Posted - 26 Jun 2012 :  04:32:41  Show Profile Send Ayrik a Private Message  Reply with Quote
Well the Wall might seem harsh.

But the living have a lifetime to make their choices. They must either offend the gods or reject the gods ... which is kind of a dumb attitude when you live in a world full of spellcasting priests and unambiguous miracles, where the gods are always manifest and are known to walk among the people.

Even in death the Faithless are taken to the Wall only after rejecting offers made from various fiends. Not likely to be very appealing offers, true, but a slim chance in Hell is still better than inescapably certain doom. No different than the doom of any other evil character.
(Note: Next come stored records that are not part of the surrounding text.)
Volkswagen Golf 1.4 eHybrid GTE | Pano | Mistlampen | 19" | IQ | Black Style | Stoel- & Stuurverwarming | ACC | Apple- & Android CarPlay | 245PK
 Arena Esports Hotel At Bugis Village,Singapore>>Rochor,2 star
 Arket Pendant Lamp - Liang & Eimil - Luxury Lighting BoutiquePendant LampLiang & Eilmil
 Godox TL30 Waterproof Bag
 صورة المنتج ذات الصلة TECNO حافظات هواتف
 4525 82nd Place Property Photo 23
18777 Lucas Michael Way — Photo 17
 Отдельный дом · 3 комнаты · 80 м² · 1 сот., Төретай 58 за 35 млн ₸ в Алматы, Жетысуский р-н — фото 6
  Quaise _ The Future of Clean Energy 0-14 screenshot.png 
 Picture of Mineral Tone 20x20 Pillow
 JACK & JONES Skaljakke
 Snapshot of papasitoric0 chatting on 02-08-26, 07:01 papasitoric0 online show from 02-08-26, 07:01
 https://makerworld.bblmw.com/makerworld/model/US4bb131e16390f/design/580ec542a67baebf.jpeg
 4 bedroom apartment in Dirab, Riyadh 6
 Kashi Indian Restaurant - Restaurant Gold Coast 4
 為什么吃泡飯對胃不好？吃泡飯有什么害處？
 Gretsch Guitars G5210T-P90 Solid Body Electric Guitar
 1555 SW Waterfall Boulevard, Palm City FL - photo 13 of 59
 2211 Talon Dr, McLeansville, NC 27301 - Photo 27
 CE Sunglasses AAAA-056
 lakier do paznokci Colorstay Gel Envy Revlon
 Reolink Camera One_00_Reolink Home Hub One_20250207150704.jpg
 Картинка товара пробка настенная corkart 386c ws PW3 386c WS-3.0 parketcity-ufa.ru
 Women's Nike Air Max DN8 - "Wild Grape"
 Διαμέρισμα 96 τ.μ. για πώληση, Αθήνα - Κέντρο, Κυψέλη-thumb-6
But what if there were no Wall?
Should the Faithless be shipped off to the lower planes? Not fair to those who reject the fiends.
Should the Faithless be allowed to accumulate on the Fugue? Not fair to Faithful dead who earned their afterlives.
Should the Faithless be allowed to choose where they spend their afterlife? Again, not fair to the Faithful dead. Also not fair to their gods.

I view Kelemvor's duty in tending the Wall as being something like a divine prison warden or even a divine gang enforcer. But the technical truth of the matter is that he is the ultimate law and ultimate judge in matters of death - his authority cannot be challenged, by definition his actions are never criminal.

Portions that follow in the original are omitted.